Cairn Continues to Target North Sea Plays

Cairn Energy will continue to target new plays within the UK North Sea and Norwegian continental shelf, the firm said Tuesday as it outlined plans to explore frontier basins in the Atlantic Margin and Mediterranean in its annual results statement.

Cairn will use cash generated from its share in various producing North Sea assets to fund several operated exploration wells offshore Morocco and Senegal, West Africa, during 2013 and 2014. It is also planning a 3D seismic campaign in the Gulf of Lion, offshore Spain, as well as conducting geological studies into opportunities offshore Malta.

The company also announced Tuesday farm-in into three blocks offshore Senegal. Cairn is taking a 65-percent working interest and operatorship of three blocks – Rufisque, Sangomar and Sangomar Deep – that are currently operated by Far Limited with Petrosen (the Senegalese national oil company) as a joint venture partner. In return it has agreed to fully fund the costs of one exploration well and to fund 72.2 percent of subsequent exploration costs.

In the UK and Norway, Cairn is involved in four non-operated exploration and appraisal wells during 2013, two of which are underway. It also has new interests in 10 licenses that have been acquired in recent licensing rounds.
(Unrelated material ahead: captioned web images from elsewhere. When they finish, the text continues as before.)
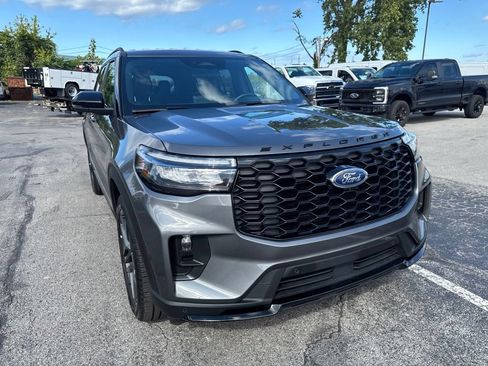 Used 2025 Ford Explorer ST-Line w/ ST-Line Street Pack AWD/4WD image 56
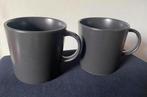 2 Grote donker grijze mokken van Ikea. H. 9 cm Drsn. 9 cm., Ophalen of Verzenden, Zo goed als nieuw, Overige stijlen, Kop(pen) en/of Schotel(s)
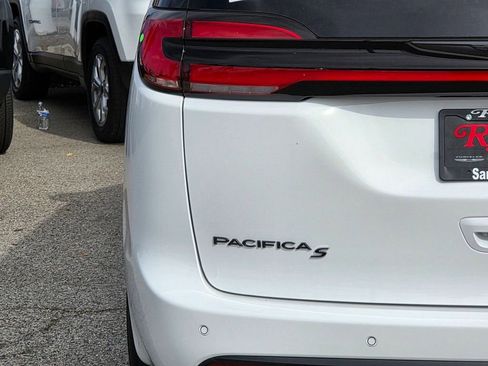 New 2026 Chrysler Pacifica Limited w/ Uconnect Theater Family Group image 6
Meanwhile, work continues on the North Sea's Greater Catcher area (where Cairn has a 30-percent, non-operated interest) and the Kraken oil field (25 percent). These fields are now a late pre-development stage and are expected to lead to first oil and cash flows in sometime around 2016/2017.
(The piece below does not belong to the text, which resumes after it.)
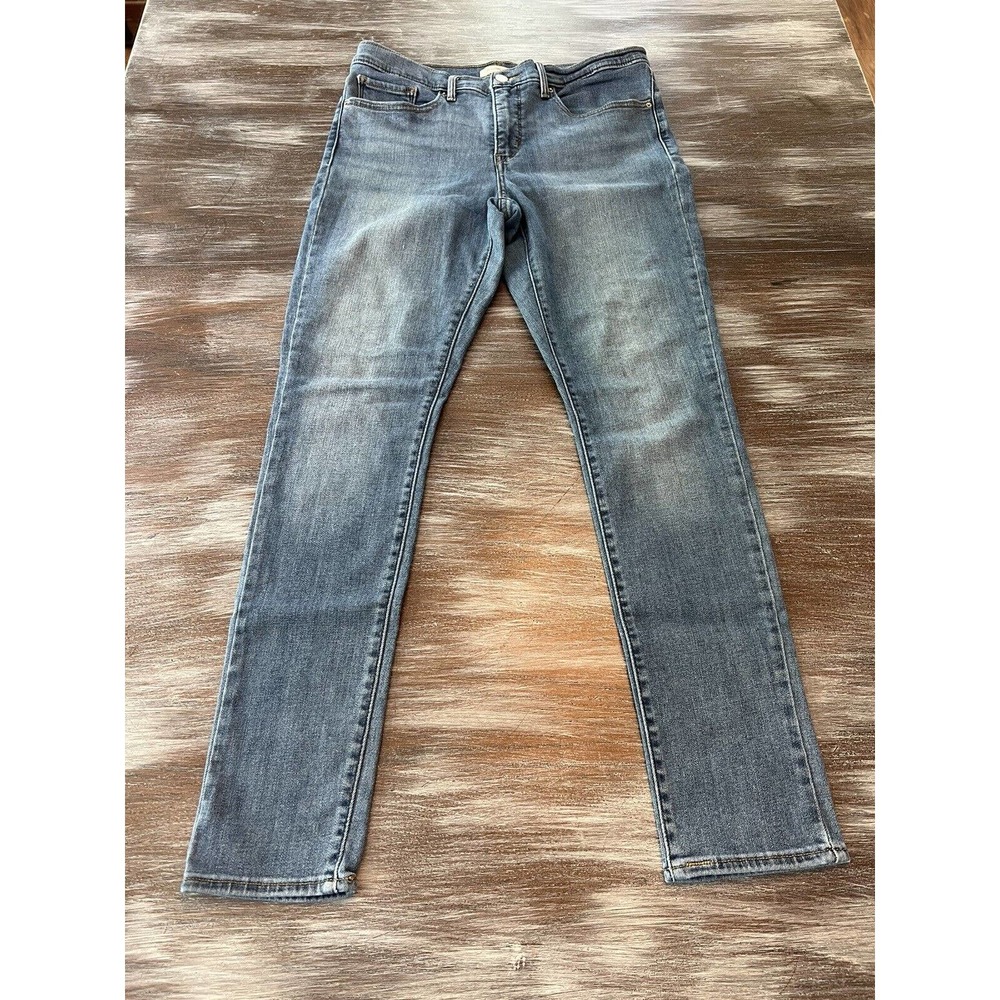 LEVI 311 Women’s SHAPING SKINNY JEANS Size 31 (31x32)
"With a strong cash position and a disciplined approach to capital expenditure, we look forward to the start of our multi-well, multi-year operated exploration program commencing in Q4 2013 targeting more than 3.5 billion barrels of oil equivalent," Cairn Chief Executive Simon Thomson commented in a company statement.
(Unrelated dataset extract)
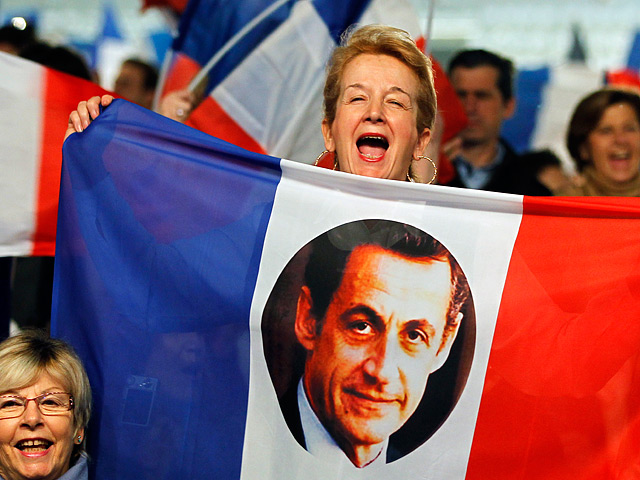 Президента Франции Николя Саркози, собирающегося баллотироваться на второй срок, вновь обвинили в том, что его предвыборную кампанию в 2007 году финансировал свергнутый и убитый прошлой осенью ливийский лидер Муаммар Каддафи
Oil analysts at London-based investment bank FirstEnergy was positive about Cairn's announcements Tuesday, noting that the farm-in offshore Senegal adds "further high-impact exploration potential to the portfolio".

Cairn reported a pre-tax loss for 2012 of $194.2 million (2011: $1.2 billion loss) and stated that it had cash at the end of December amounting to $1.6 billion. The firm also retains an approximately 10 percent residual shareholding in Cairn India.